Assigned task
Could you copy the records below exactly, leaving out any pictures they include?

Data provided
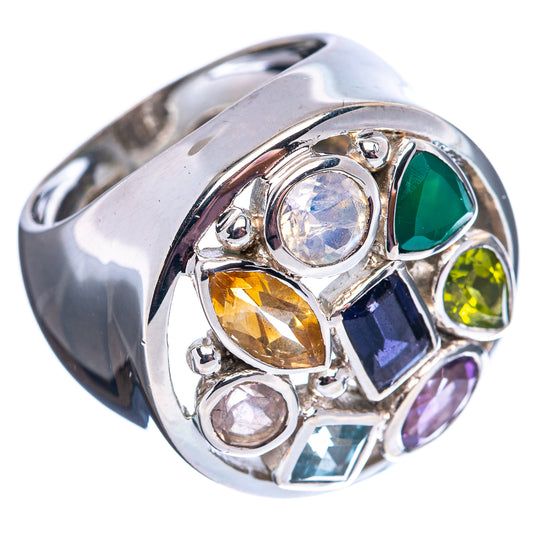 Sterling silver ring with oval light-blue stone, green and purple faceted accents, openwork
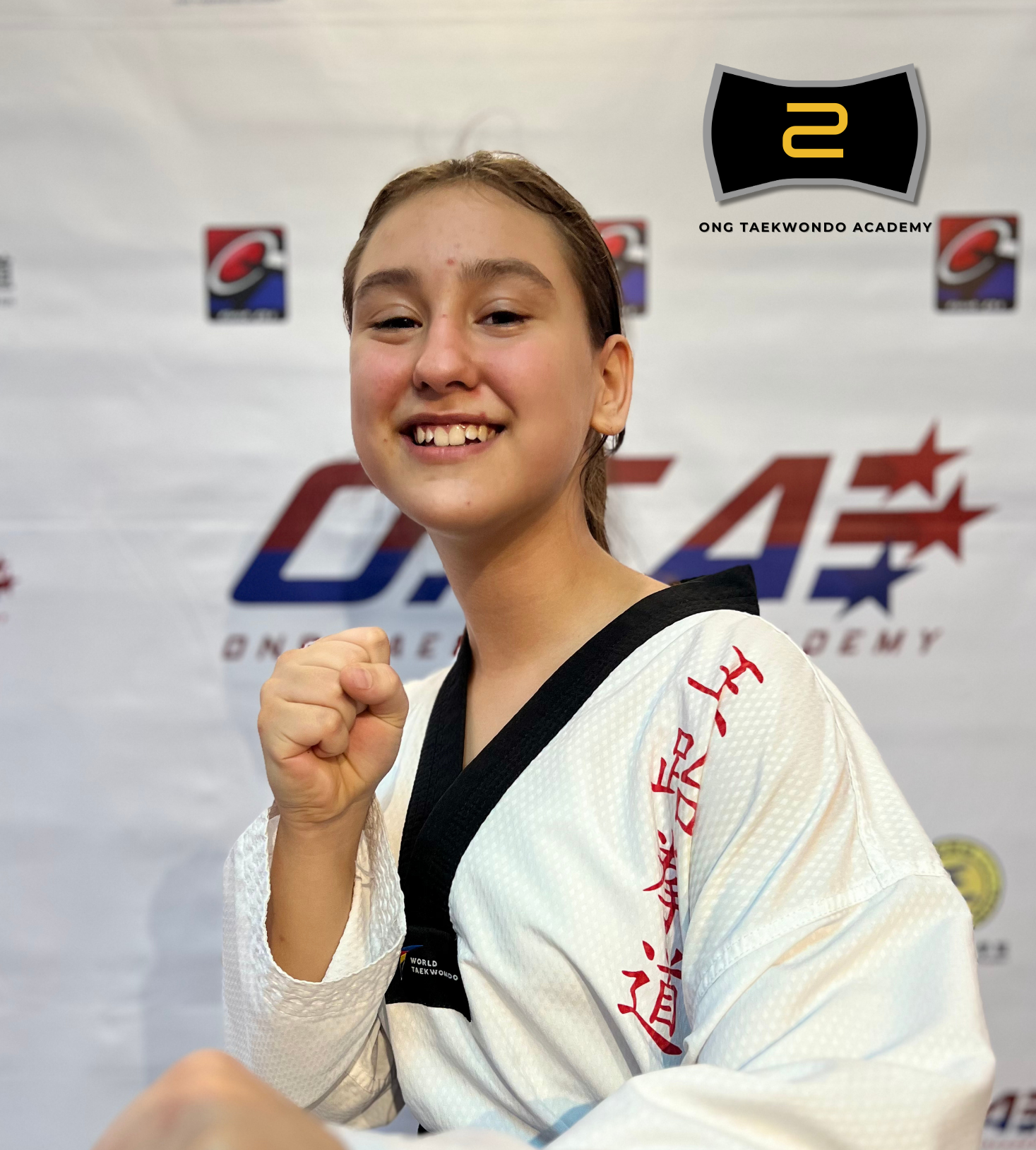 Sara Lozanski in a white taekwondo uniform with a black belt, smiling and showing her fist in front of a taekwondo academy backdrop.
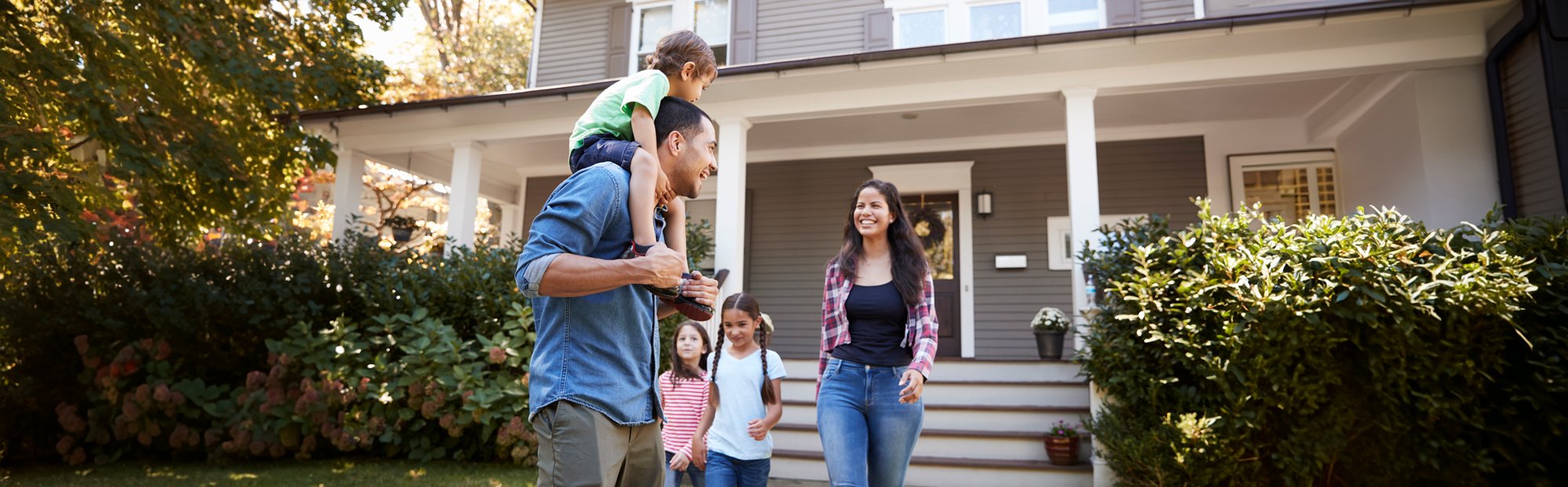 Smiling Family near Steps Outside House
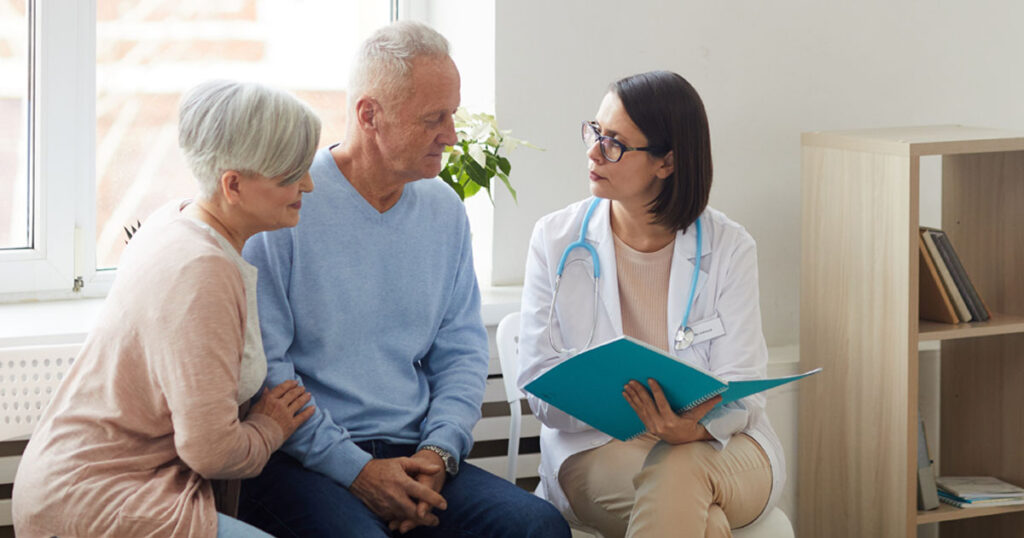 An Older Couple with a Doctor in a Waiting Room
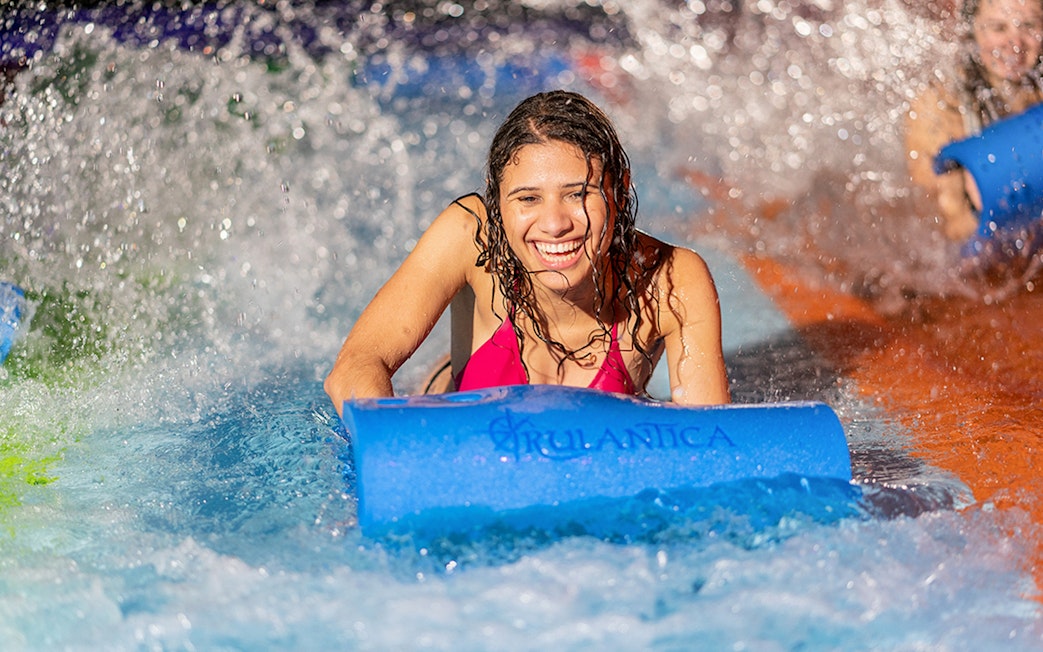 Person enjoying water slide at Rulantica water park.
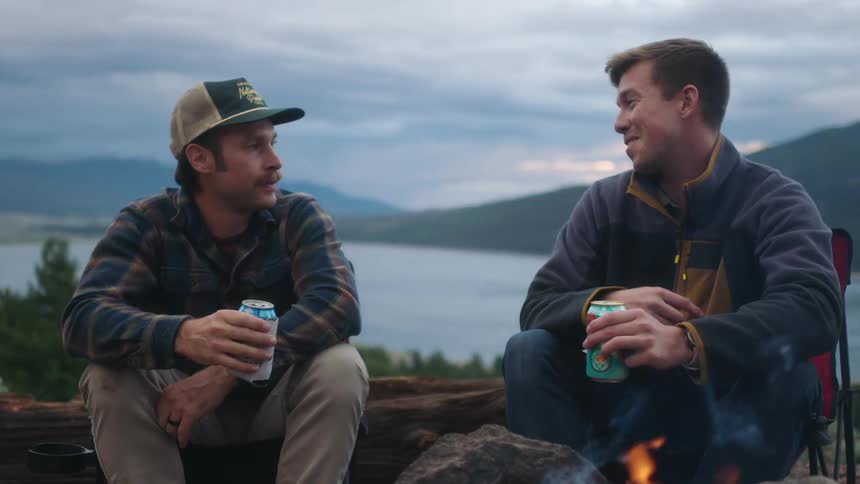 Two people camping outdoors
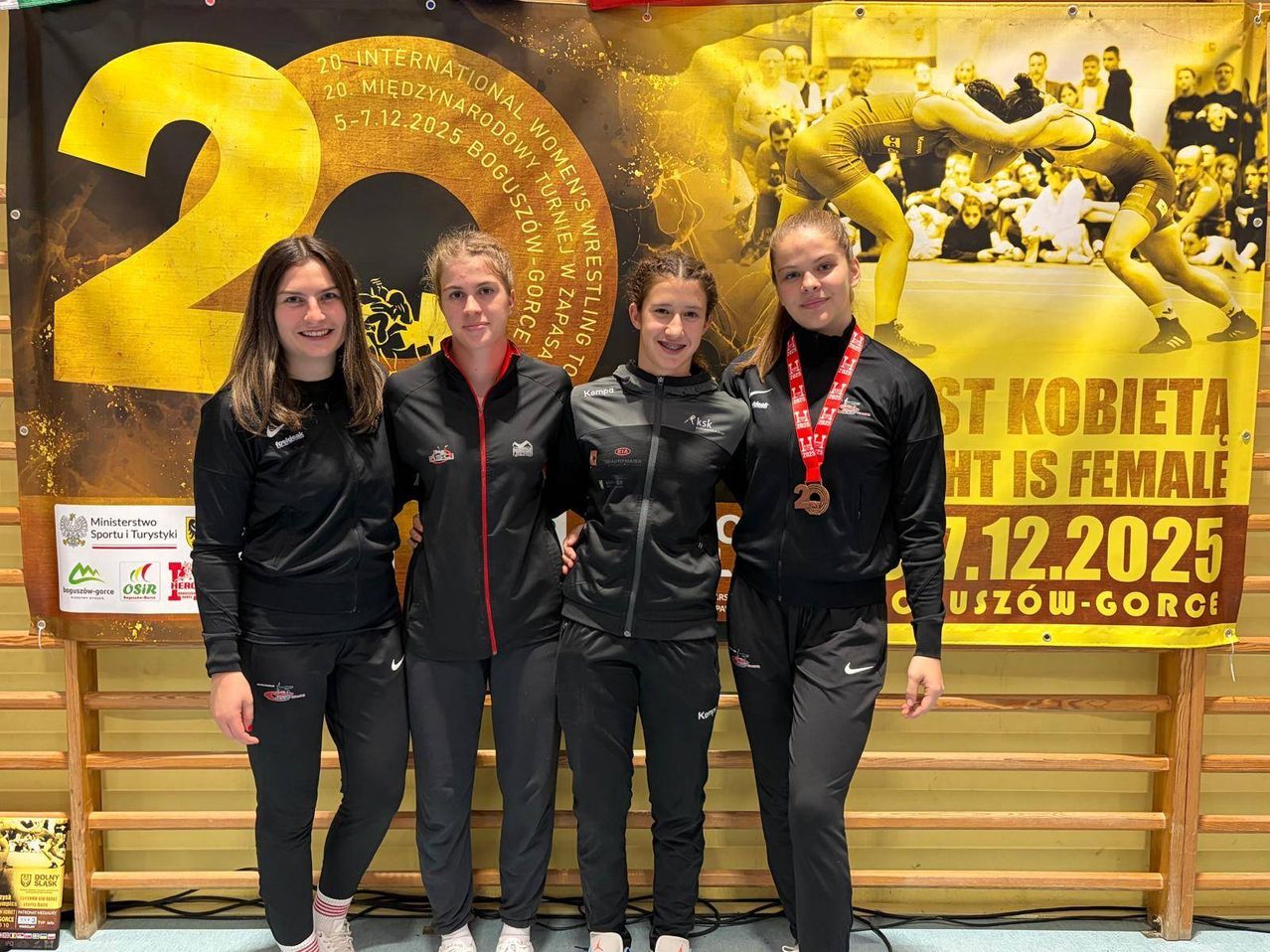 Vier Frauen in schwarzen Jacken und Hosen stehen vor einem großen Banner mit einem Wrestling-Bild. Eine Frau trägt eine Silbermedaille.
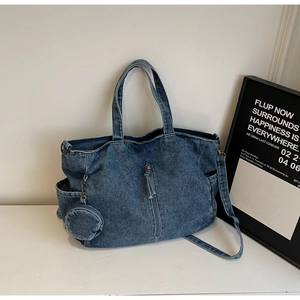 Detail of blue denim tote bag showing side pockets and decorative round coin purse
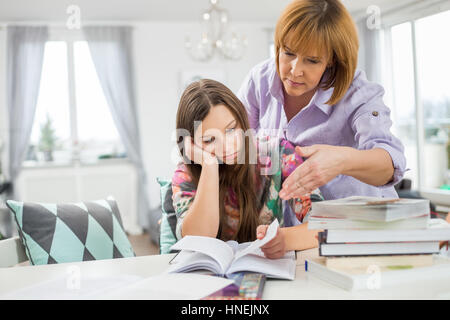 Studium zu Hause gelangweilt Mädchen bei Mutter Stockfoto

Response area
 Sterling silver ring with oval light-blue stone, green and purple faceted accents, openwork
 Sara Lozanski in a white taekwondo uniform with a black belt, smiling and showing her fist in front of a taekwondo academy backdrop.
 Smiling Family near Steps Outside House
 An Older Couple with a Doctor in a Waiting Room
 Person enjoying water slide at Rulantica water park.
 Two people camping outdoors
 Vier Frauen in schwarzen Jacken und Hosen stehen vor einem großen Banner mit einem Wrestling-Bild. Eine Frau trägt eine Silbermedaille.
 Detail of blue denim tote bag showing side pockets and decorative round coin purse
 Studium zu Hause gelangweilt Mädchen bei Mutter Stockfoto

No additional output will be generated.